INFORMATION SUPPLIED:
↓
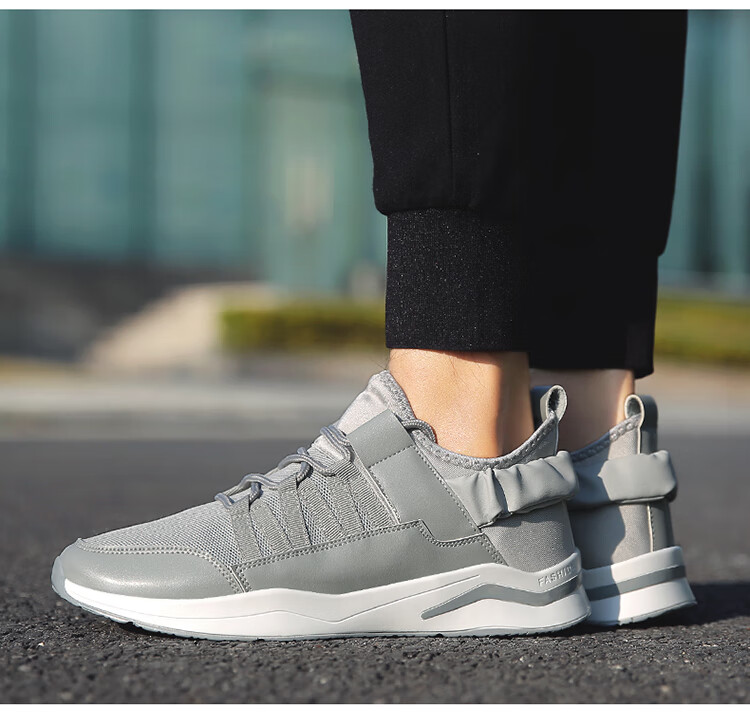 潮以纯男装官方【1097】秋款男士运动鞋39-4458 黑色 44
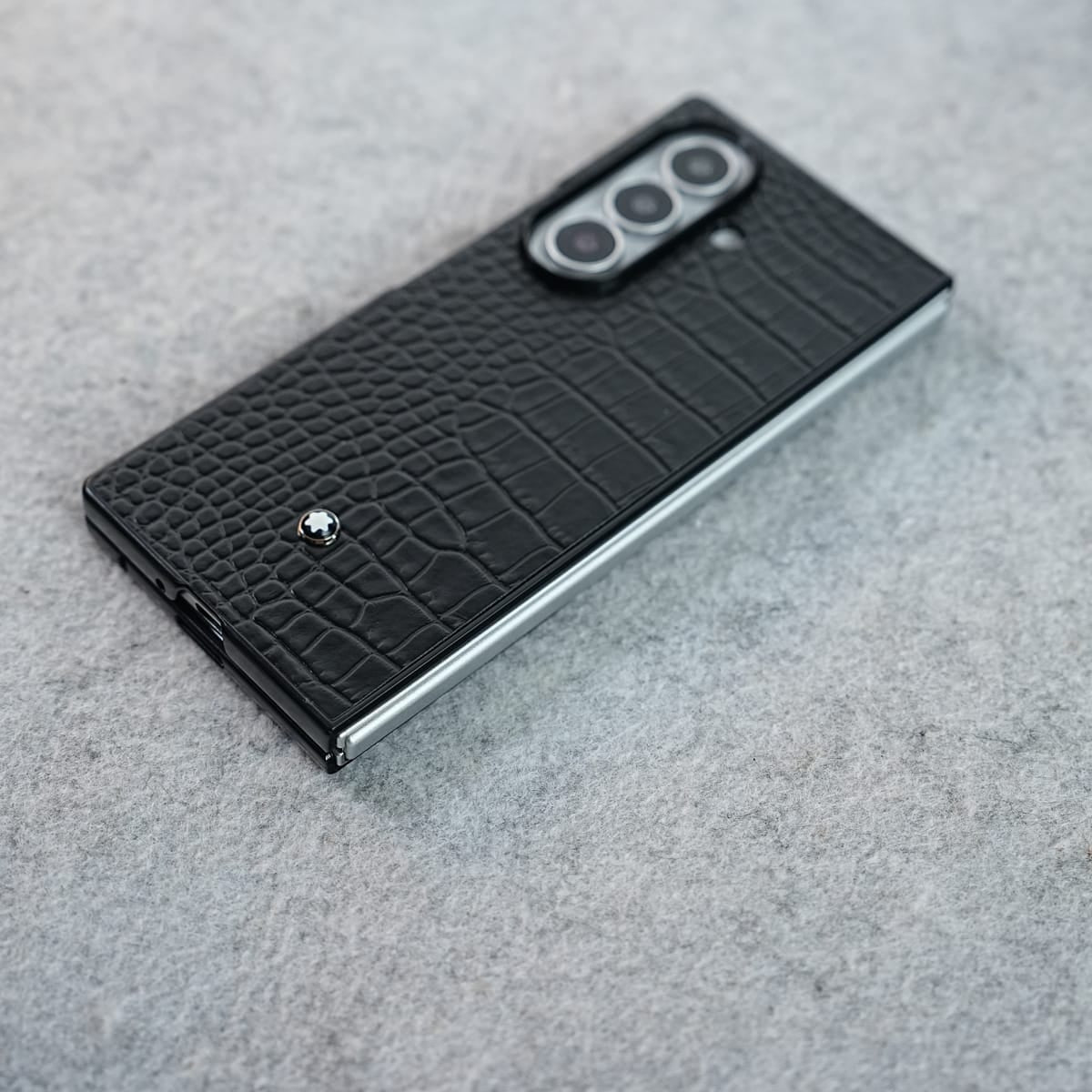Black Textured MB Case Cover for Samsung Galaxy Z Fold 8 Ultra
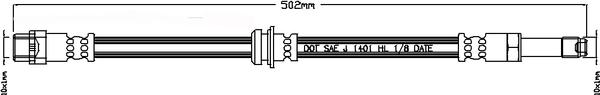 Juratek JBH1067 - Тормозной шланг avtokuzovplus.com.ua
↑
With images left out, the data must be transcribed exactly.

 潮以纯男装官方【1097】秋款男士运动鞋39-4458 黑色 44
Black Textured MB Case Cover for Samsung Galaxy Z Fold 8 Ultra
 Juratek JBH1067 - Тормозной шланг avtokuzovplus.com.ua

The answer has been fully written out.